The answer must consist solely of the lines from the one containing "Pôr do sol na" through the last line of the records, set down exactly and without any pictures.

===============

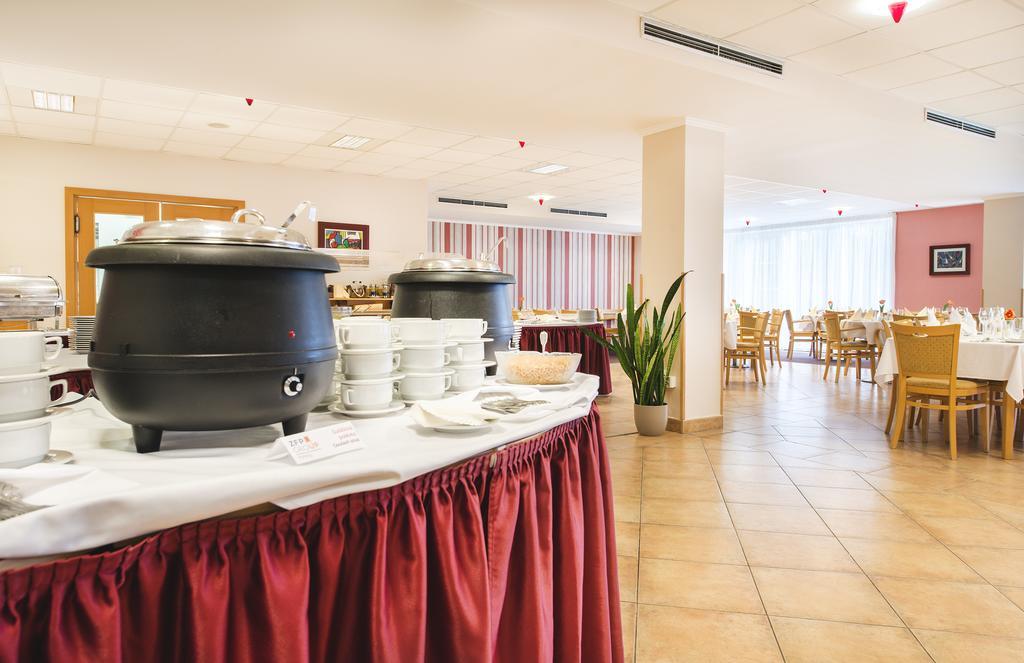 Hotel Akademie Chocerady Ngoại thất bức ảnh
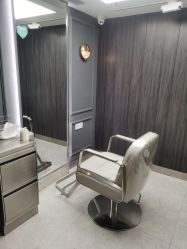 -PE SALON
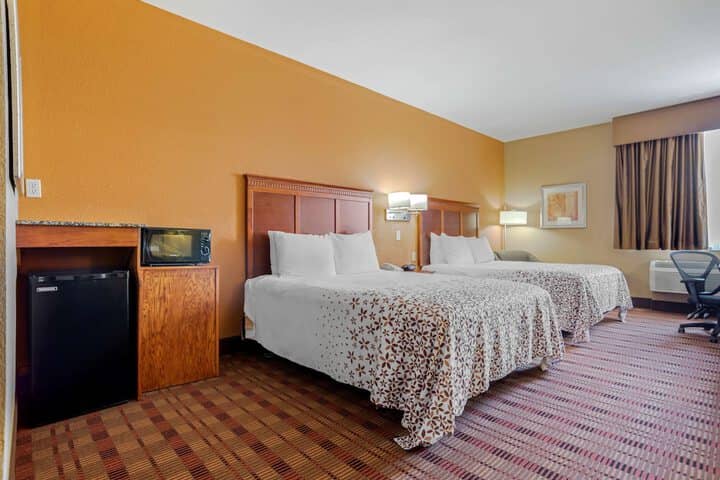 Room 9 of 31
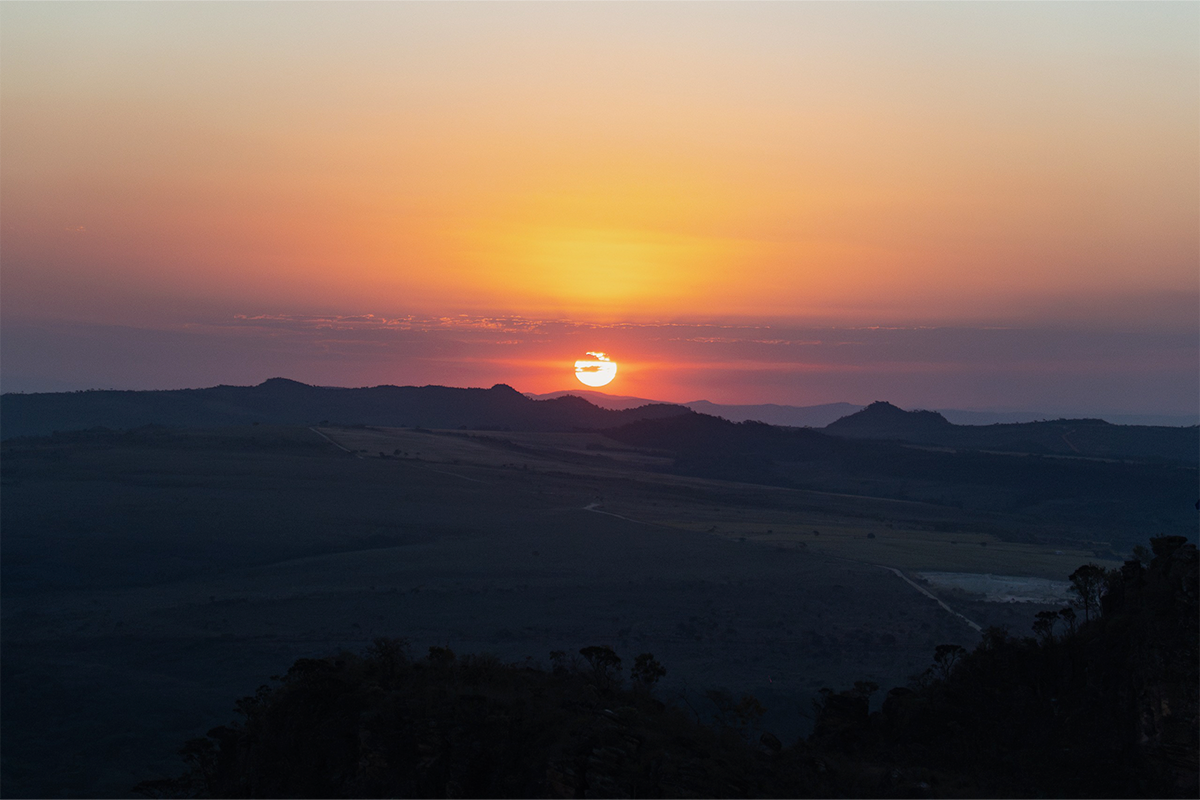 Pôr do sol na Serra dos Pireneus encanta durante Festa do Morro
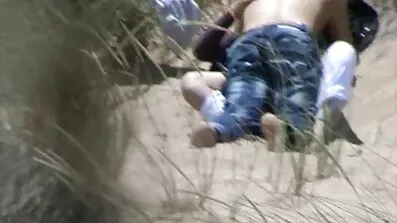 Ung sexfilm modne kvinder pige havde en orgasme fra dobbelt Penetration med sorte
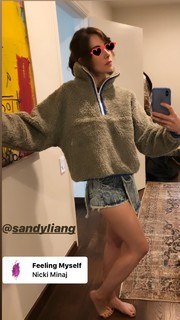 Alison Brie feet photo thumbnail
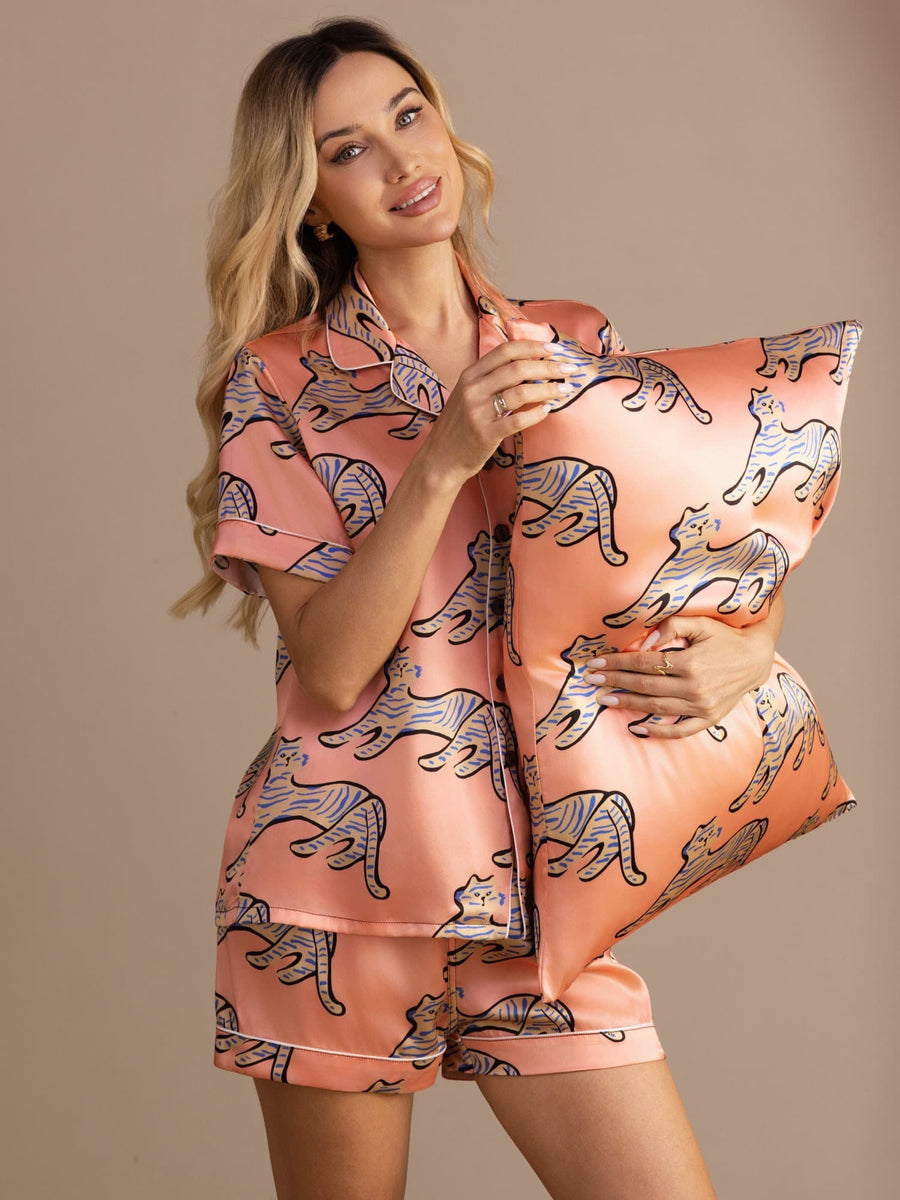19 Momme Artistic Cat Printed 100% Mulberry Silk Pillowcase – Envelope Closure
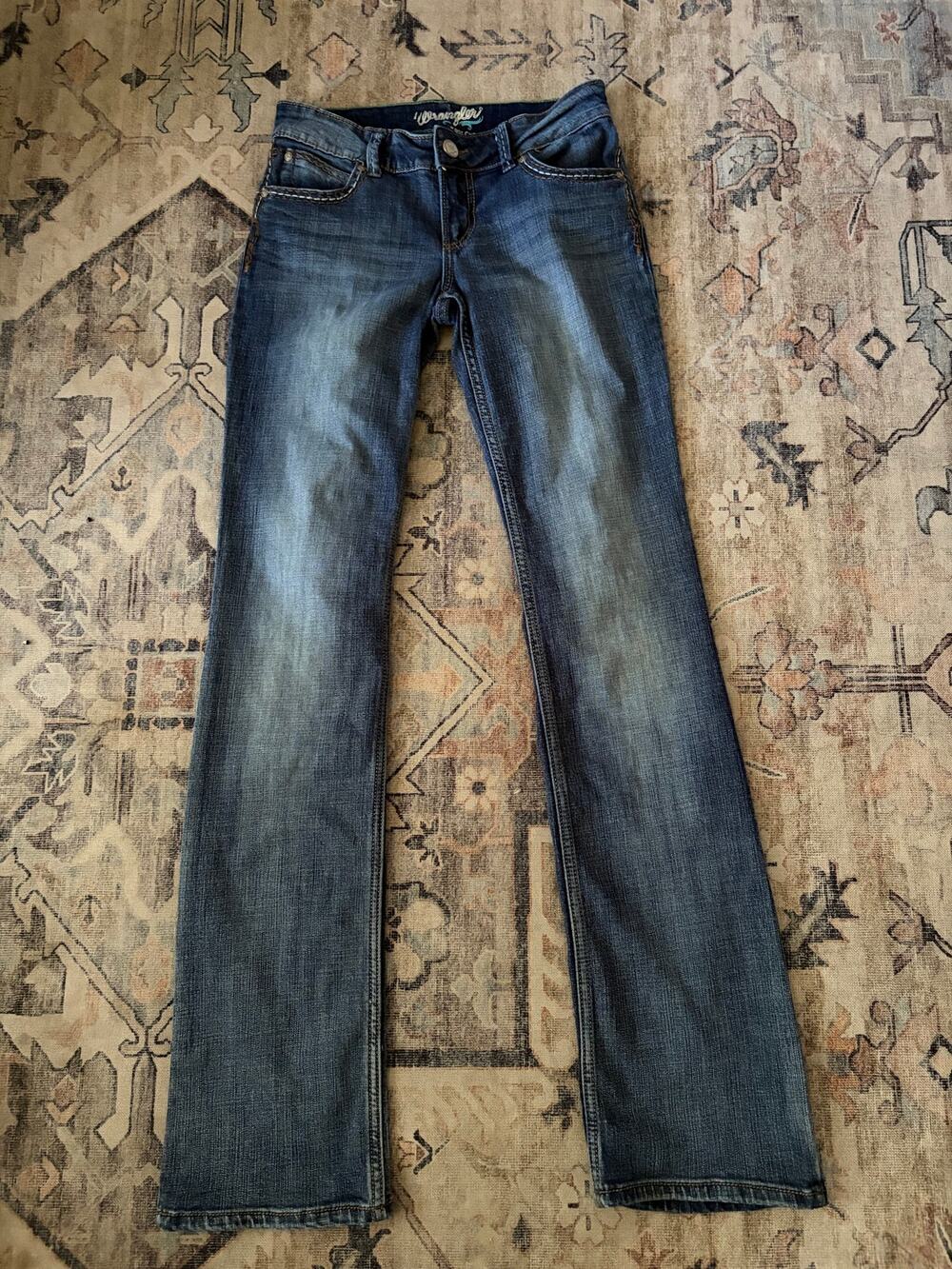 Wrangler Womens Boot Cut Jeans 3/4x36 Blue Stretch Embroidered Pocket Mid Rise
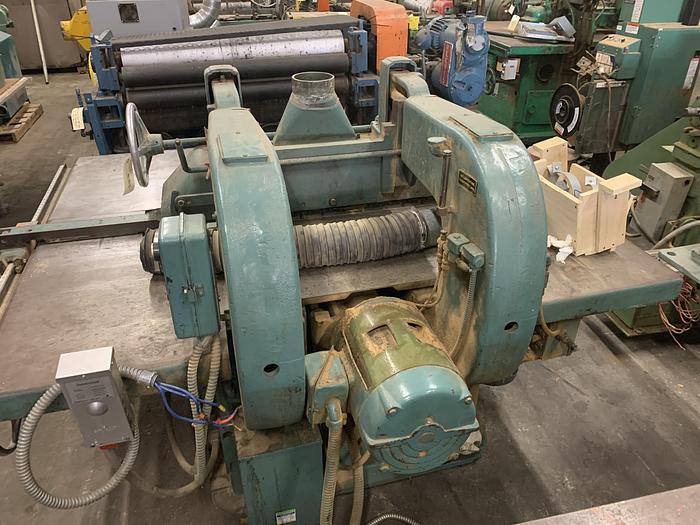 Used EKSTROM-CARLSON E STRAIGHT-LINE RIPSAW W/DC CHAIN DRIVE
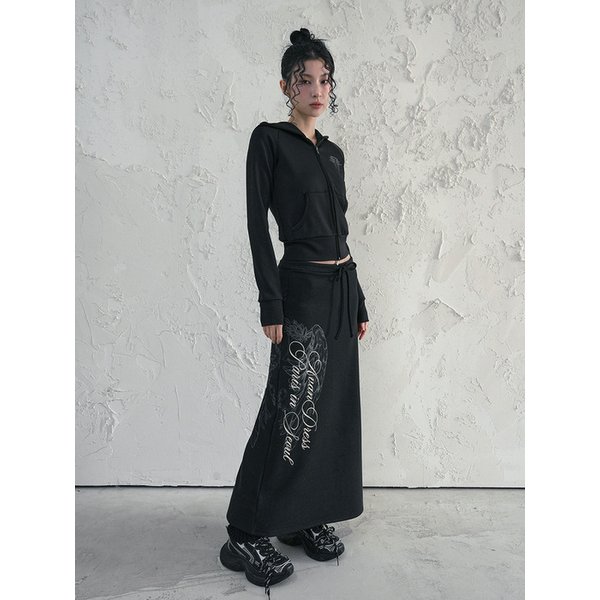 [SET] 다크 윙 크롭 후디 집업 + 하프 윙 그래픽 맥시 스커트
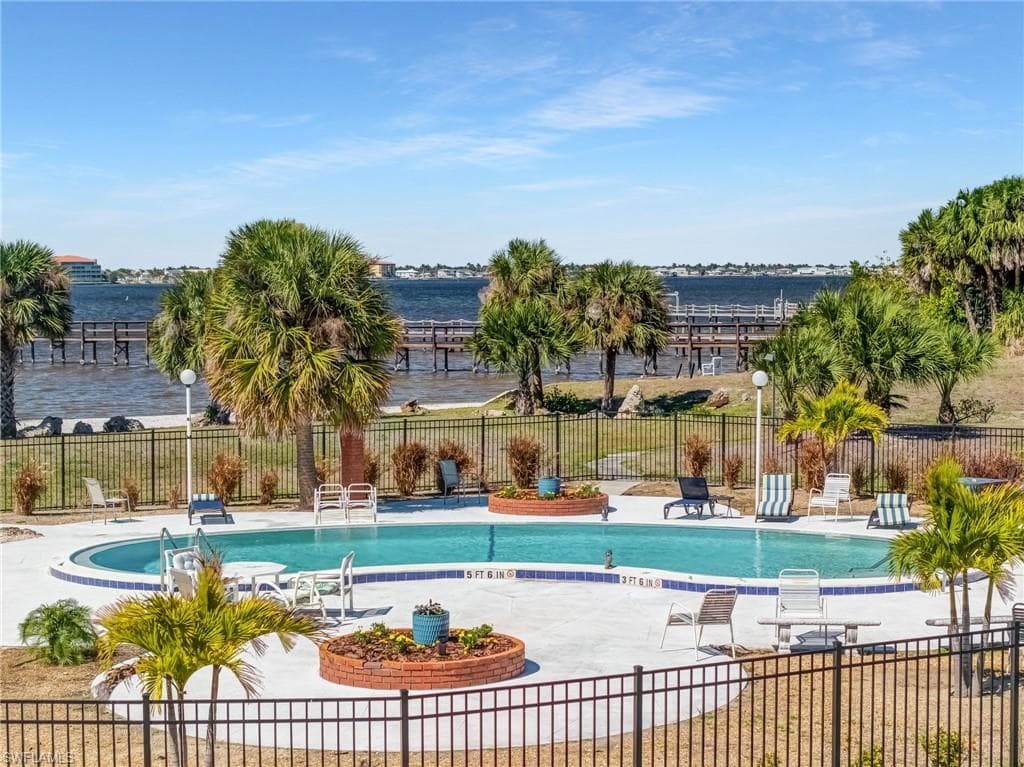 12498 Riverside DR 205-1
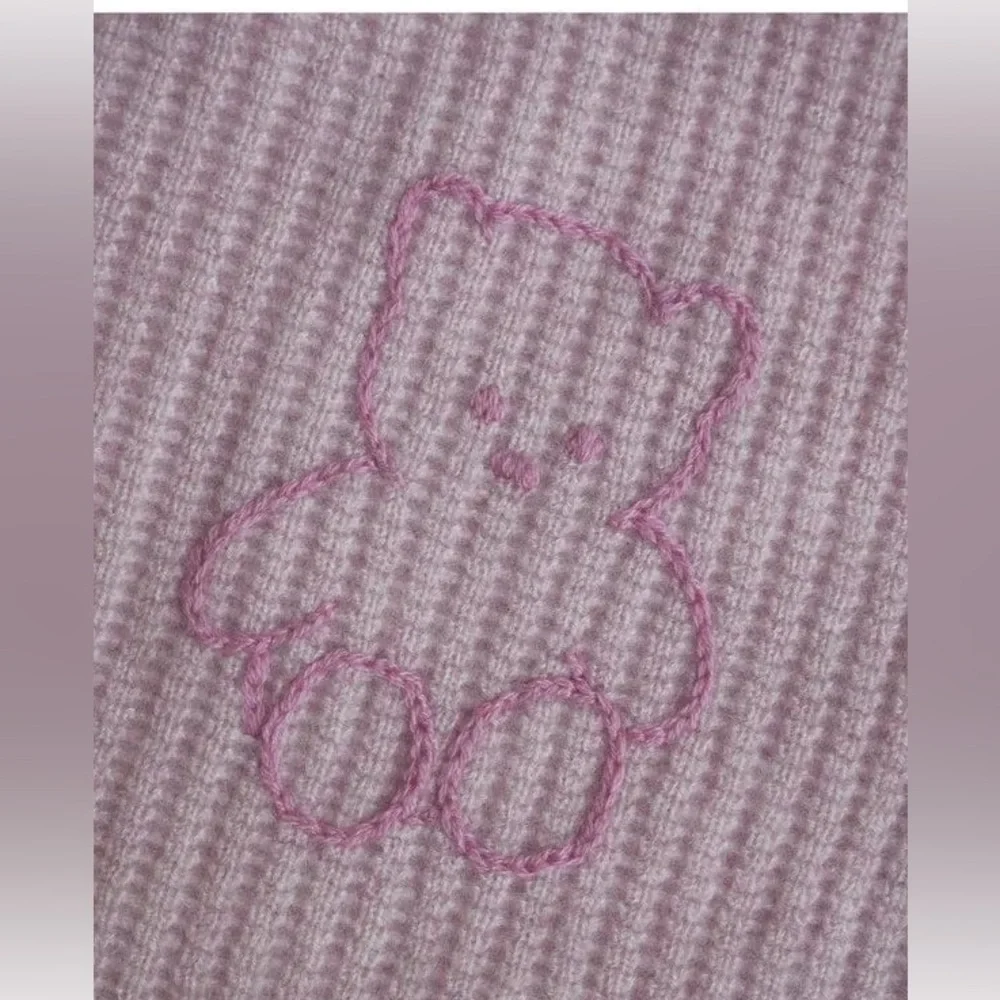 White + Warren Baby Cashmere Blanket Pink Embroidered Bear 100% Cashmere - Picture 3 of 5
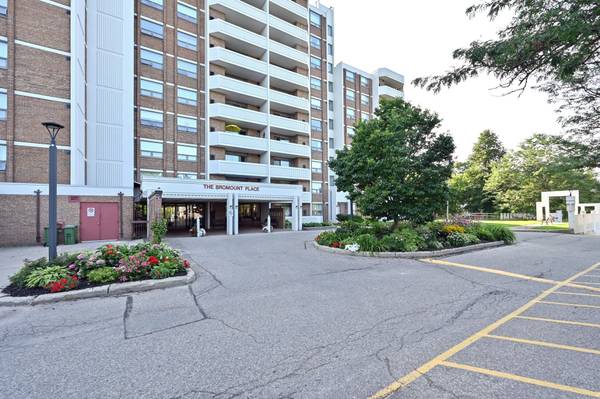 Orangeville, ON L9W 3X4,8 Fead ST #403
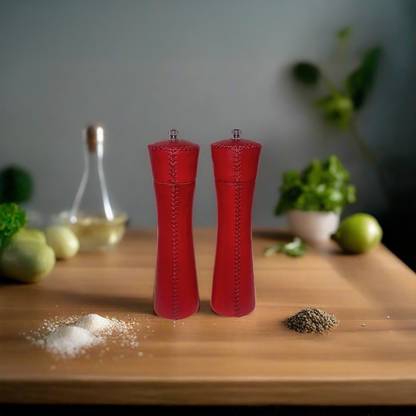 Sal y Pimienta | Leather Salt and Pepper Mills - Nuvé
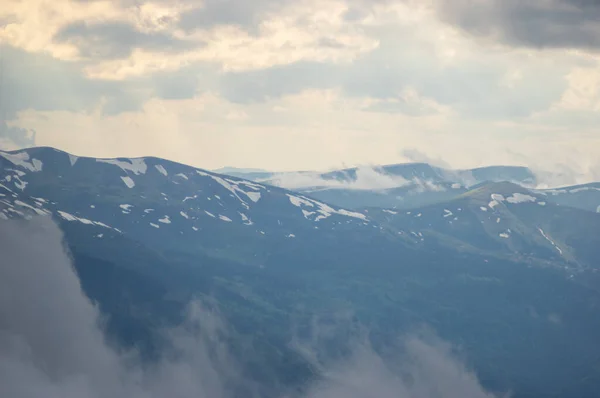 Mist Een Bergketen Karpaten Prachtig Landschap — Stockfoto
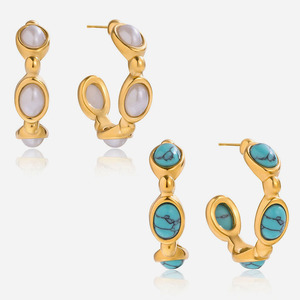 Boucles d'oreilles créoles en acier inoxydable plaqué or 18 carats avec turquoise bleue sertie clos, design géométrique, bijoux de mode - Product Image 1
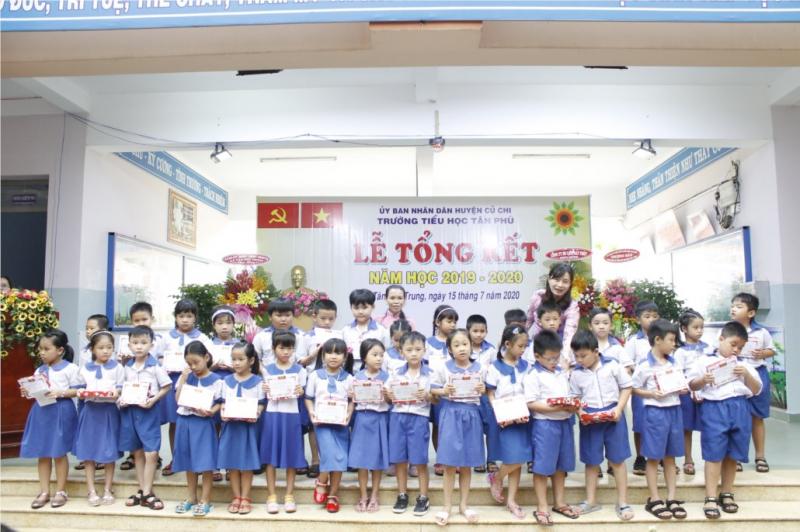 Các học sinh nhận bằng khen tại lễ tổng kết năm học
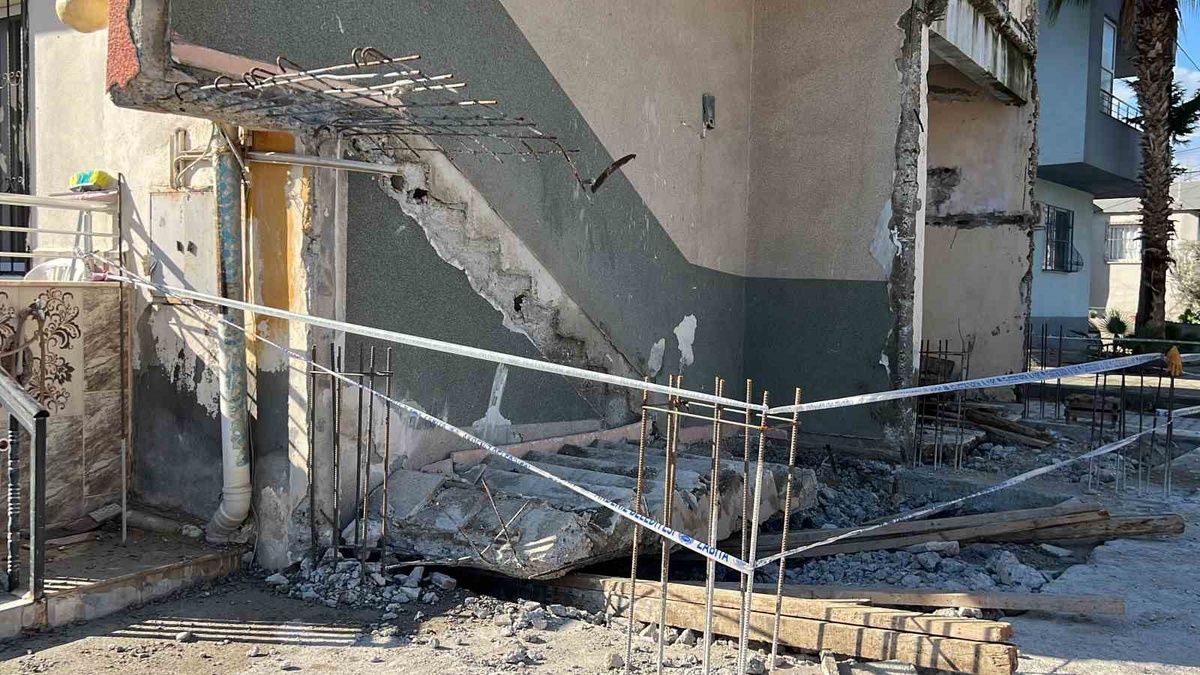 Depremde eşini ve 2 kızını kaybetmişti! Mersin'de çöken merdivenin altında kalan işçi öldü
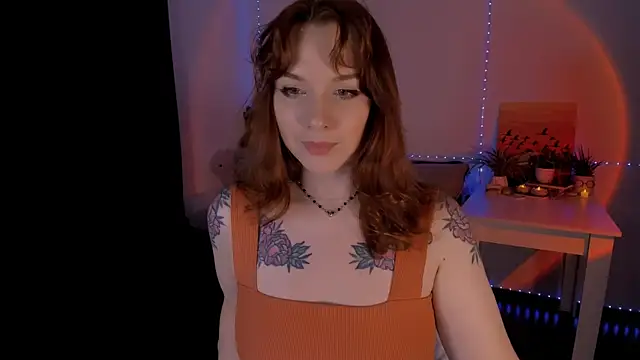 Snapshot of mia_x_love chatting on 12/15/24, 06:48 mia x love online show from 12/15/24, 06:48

===============

* Written solution *
 Pôr do sol na Serra dos Pireneus encanta durante Festa do Morro
 Ung sexfilm modne kvinder pige havde en orgasme fra dobbelt Penetration med sorte
 Alison Brie feet photo thumbnail
19 Momme Artistic Cat Printed 100% Mulberry Silk Pillowcase – Envelope Closure
 Wrangler Womens Boot Cut Jeans 3/4x36 Blue Stretch Embroidered Pocket Mid Rise
 Used EKSTROM-CARLSON E STRAIGHT-LINE RIPSAW W/DC CHAIN DRIVE
 [SET] 다크 윙 크롭 후디 집업 + 하프 윙 그래픽 맥시 스커트
 12498 Riverside DR 205-1
 White + Warren Baby Cashmere Blanket Pink Embroidered Bear 100% Cashmere - Picture 3 of 5
 Orangeville, ON L9W 3X4,8 Fead ST #403
 Sal y Pimienta | Leather Salt and Pepper Mills - Nuvé
 Mist Een Bergketen Karpaten Prachtig Landschap — Stockfoto
 Boucles d'oreilles créoles en acier inoxydable plaqué or 18 carats avec turquoise bleue sertie clos, design géométrique, bijoux de mode - Product Image 1
 Các học sinh nhận bằng khen tại lễ tổng kết năm học
 Depremde eşini ve 2 kızını kaybetmişti! Mersin'de çöken merdivenin altında kalan işçi öldü
 Snapshot of mia_x_love chatting on 12/15/24, 06:48 mia x love online show from 12/15/24, 06:48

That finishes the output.